Paulsen, 53, a longtime state legislator, was elected to Congress in 2008. This year, he was criticized by Phillips' supporters for being too conservative and not standing up to Trump, who lost the district by nearly 10 points in 2016. While Paulsen tried to distance himself from Trump, the president endorsed Paulsen late in the campaign.
The race became Minnesota's most expensive House race, with the two candidates and outside groups spending $20 million. The last Democrat to hold the seat lost re-election in 1960.
At Phillips' party at the Bloomington Hilton, tables were littered with stickers and signs emblazoned with Phillips' "government repair truck." There was also a professional-quality photo station — replete with iPads for viewing photos — for people to take photos with Phillips paraphernalia.
"I want Paulsen out of there," said Dianne Rundles, a Minnetonka resident who is retired. "He doesn't answer the public's questions ... and he's too much for Trump and Trump's [agenda]."
Ralph Bendjebar, a 71-year-old retired airline pilot, said he had been growing frustrated with Paulsen in part because of his party line votes.
"I am a Democrat, but on the other hand I appreciated people like [former Third District congressman] Jim Ramstadt or ... [former U.S. Senator] Dave Durenberger," Bendjebar said. "They were pretty much center of the road kind of people, moderate Republicans.
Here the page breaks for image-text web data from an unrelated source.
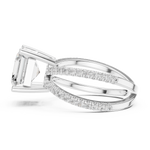 Gold Jewelry, Asscher center stone, White Gold, view 3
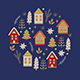 Christmas Greeting Card with Houses 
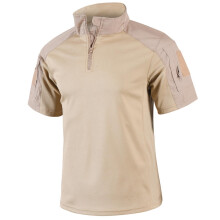 Men's Lightweight Polo Shirt Short Sleeve Tactical Camouflage Outdoor Shirt 4XL Khaki Breathable With Pockets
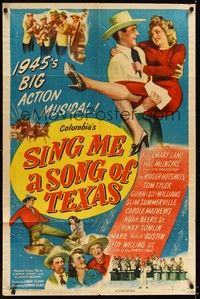 4d782 SING ME A SONG OF TEXAS  1sh '45 Rosemary Lane, Tom Tyler & Guinn Big Boy Williams!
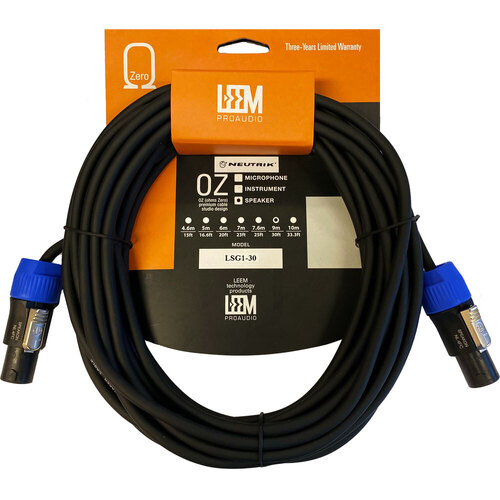 Leem 30ft Speaker Cable with Speakon Female Connectors, 16 AWG Wire Gauge, Neutrik NL2FC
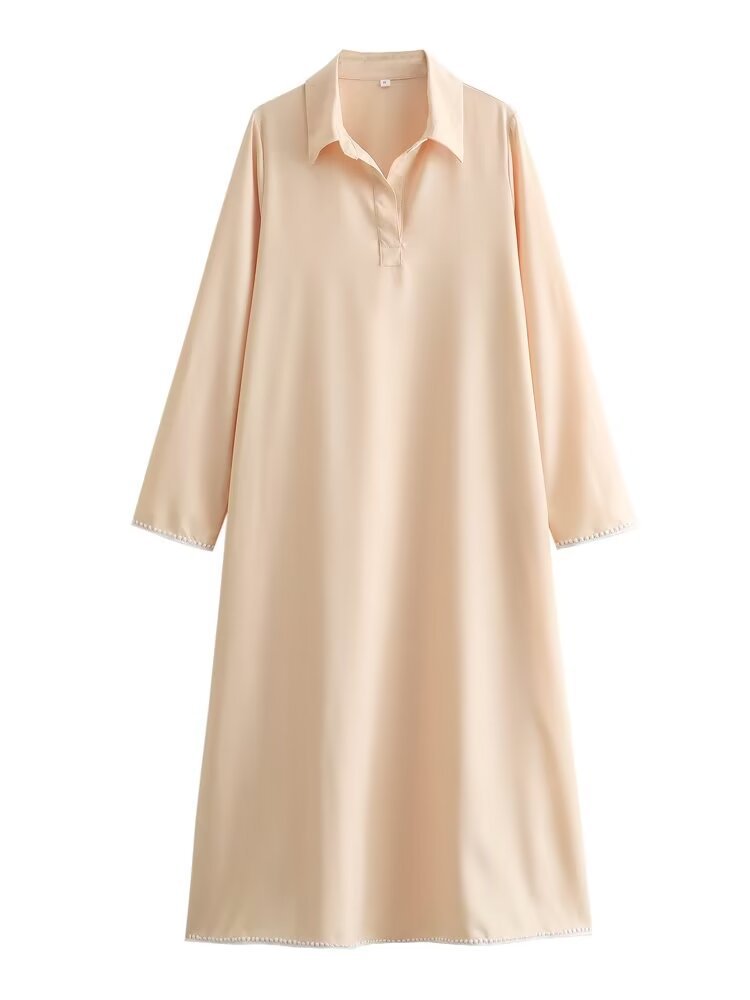 Women's Regular Dress Streetwear Turndown Long Sleeve Solid Color Midi Dress Outdoor Daily display picture 43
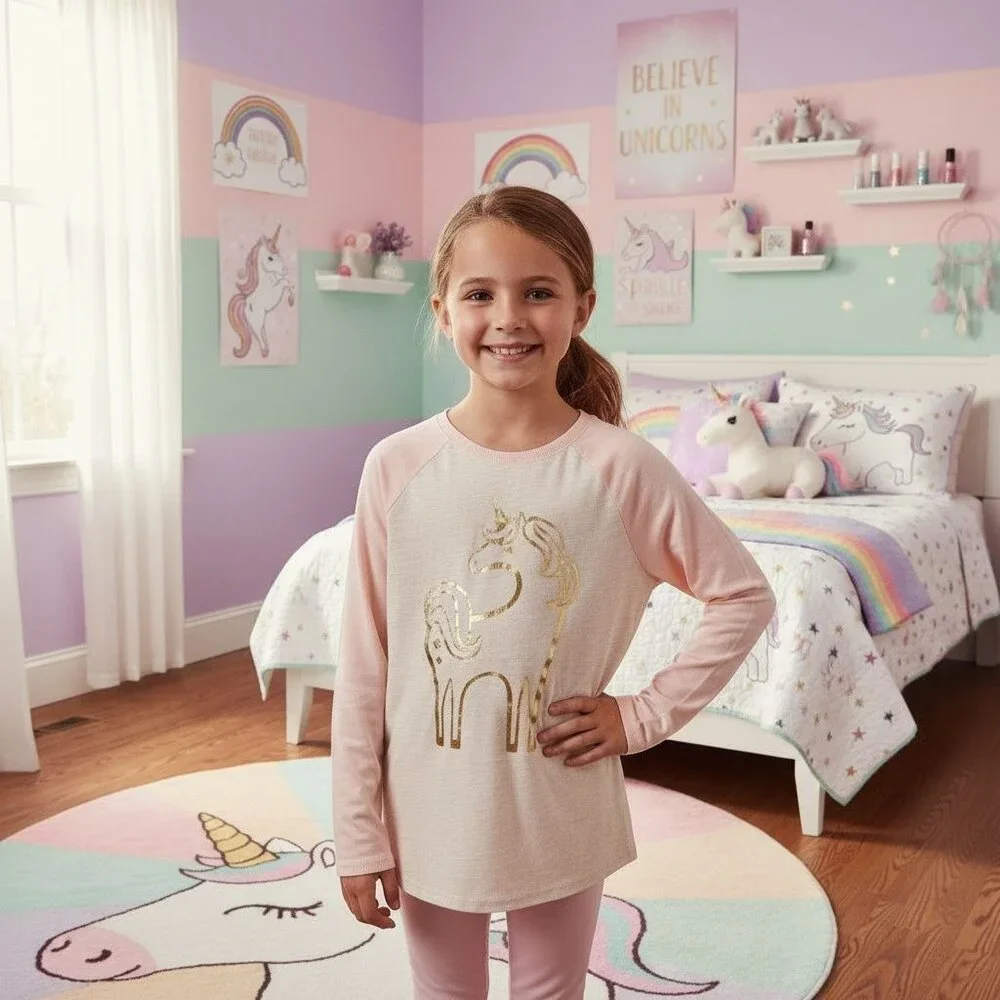 Cat & Jack L Kid Shirt Girl Unicorn Long Sleeve Graphic Top Lightweight Pullover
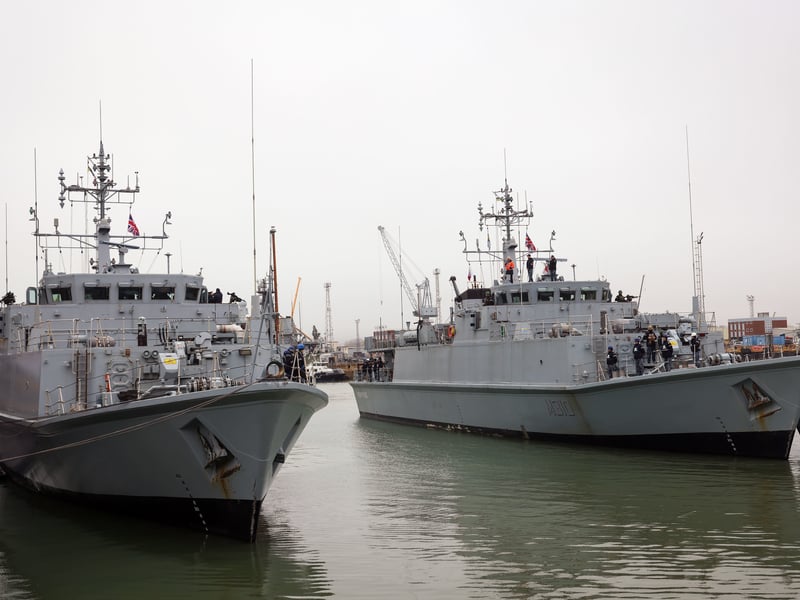 HMS Grimsby, a Sandown-class minehunter, was donated to Ukraine and is now known as Chernihiv.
That's an endangered species."
Bendjebar, who lives in Chaska, said a big reason he volunteered for Phillips' campaign was that Phillips was discussing campaign finance reform.
At in victory speech, Phillips vowed to try to bring together Republicans and Democrats.
"As I said from the beginning, I want to be a representative for all people in our district," Phillips said. "That includes everybody who voted for Erik Paulsen."